Io insieme ad un gruppo di MMG che conosco da tempo ho fatto un
tentativo di percorso (che ho già presentato anche in questo
congresso) che proverò a riassumere in breve. Tra l’altro questo
progetto ha avuto il riconoscimento del Ministero della Salute
che lo ha inserito come capofila nei progetti cofinanziati, sia
dalla Regione Toscana che lo ha fatto proprio (anche se insieme
ad altri). Trattandosi di un progetto “ministeriale” non era
possibile nessuna remunerazione per i partecipanti. Questo è
stato il primo ostacolo; la soluzione è stata facilitata dal
fatto chi i MMG del progetto erano riuniti in un Cooperativa: in
cambio della partecipazione al progetto sono stati forniti degli
strumenti (apparecchio per la misurazione del BNP) e del
personale (parziale finanziamento per un infermiera che lavorava
per i medici della cooperativa e azione sui medici responsabili
del distretto relativo per far dedicare al progetto almeno uno
degli infermieri a loro disposizione).

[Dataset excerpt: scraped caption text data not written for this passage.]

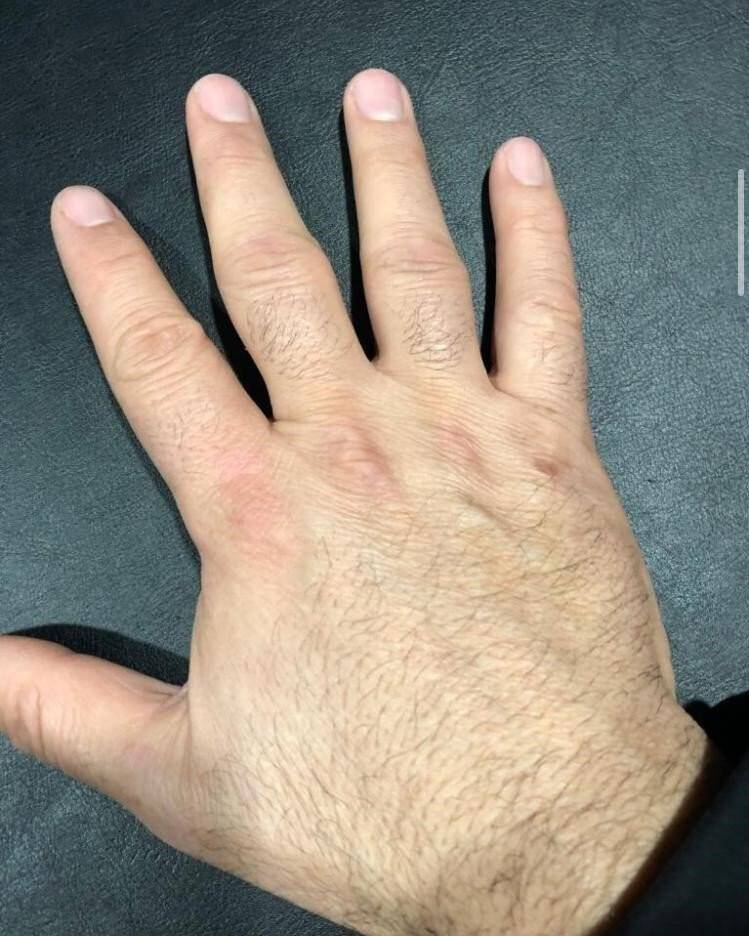 Yaptığı bitkisel karışımla sedef hastalığına çare buldu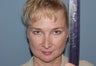 Patient requesting  correction for sub-optimal results after esthetic nasal surgery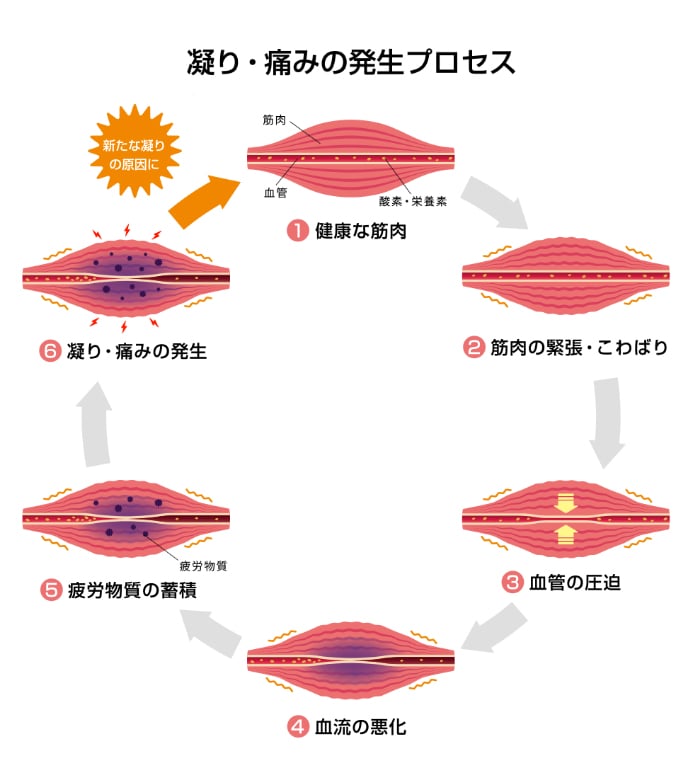 凝り・痛みの発生プロセス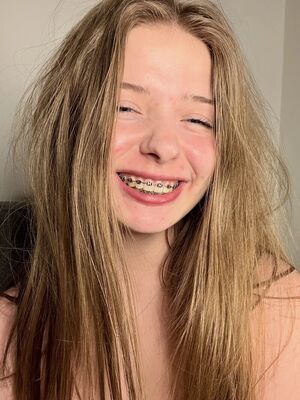 Tiny Tits Braces SnowBunnies Teen Teens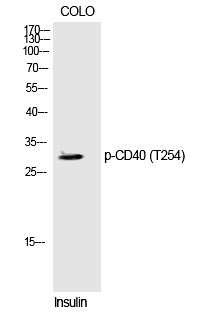 CD4(Phospho-Thr254)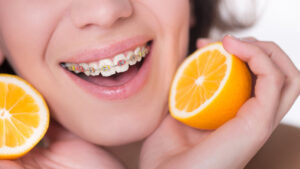 what color braces should you get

Dopo una iniziale
formazione per medici ed infermieri, ogni MMG dei 15 scelti tra
i soci della cooperativa sceglieva in accordo con lo specialista
ospedaliero, quelli tra i suoi pazienti che avevano un SC o
erano ad alto rischio di averlo. Veniva fatta una prima visita
di arruolamento per i pazienti, utilizzando anche gli
accertamenti già eseguiti quando fossero stati presenti, ed il
paziente entrava nel progetto. Il MMG (o l’infermiere del
territorio) organizzavano una serie di controlli periodici,
temporizzati secondo la gravità del caso. In caso di una
instabilizzazione del quadro veniva messo in atto un contatto
con lo specialista ospedaliero di riferimento da parte del MMG
attraverso l’invio di una mail al call center appositamente
organizzato, che allertava lo specialista. L’alternativa,
specialmente nei casi più urgenti (ma sono stati molto pochi)
era costituita dal telefono cellulare. In questo modo gran parte
dei casi sono stati risolti dalla sola comunicazione
informatica, mentre i più complessi ricevevano un appuntamento
in tempi rapidi (uno-tre giorni) oppure venivano ricoverati, se
nel caso, con una via preferenziale.
I risultati dei primi due anni di studio pilota sono stati
estremamente soddisfacenti, sia per gli specialisti che per i
MMG che per i pazienti. Gli specialisti visitavano i pazienti
solamente quando era necessario e ricoveravano solo per problemi
non risolvibili a domicilio. I MMG dopo un iniziale periodo di
rodaggio riuscivano a gestire meglio anche i pazienti in classe
più avanzata, certi di avere all’occorrenza il supporto dello
specialista. Significativo il fatto che dopo i primi mesi si è
osservata una riduzione sia delle chiamate dei pazienti a 118,
sia delle richieste di consulenze dei MMG agli specialisti.
Molto alto anche il gradimento dei pazienti, e dei loro
familiari, che hanno ridotto non solamente i ricoveri, ma anche
gli spostamenti da casa all’ospedale, anche per una visita, che
comportano spesso dei disagi sia per il paziente che per i suoi
parenti.
Questo progetto è facilmente esportabile ad altre
realtà; meglio se i MMG sono organizzati tra di loro ma si sta
valutando di fare il progetto anche con singoli MMG. La cartella
informatizzata del paziente è disponibile per chi volesse
aderire al progetto e la riduzione dei costi è ben dimostrata.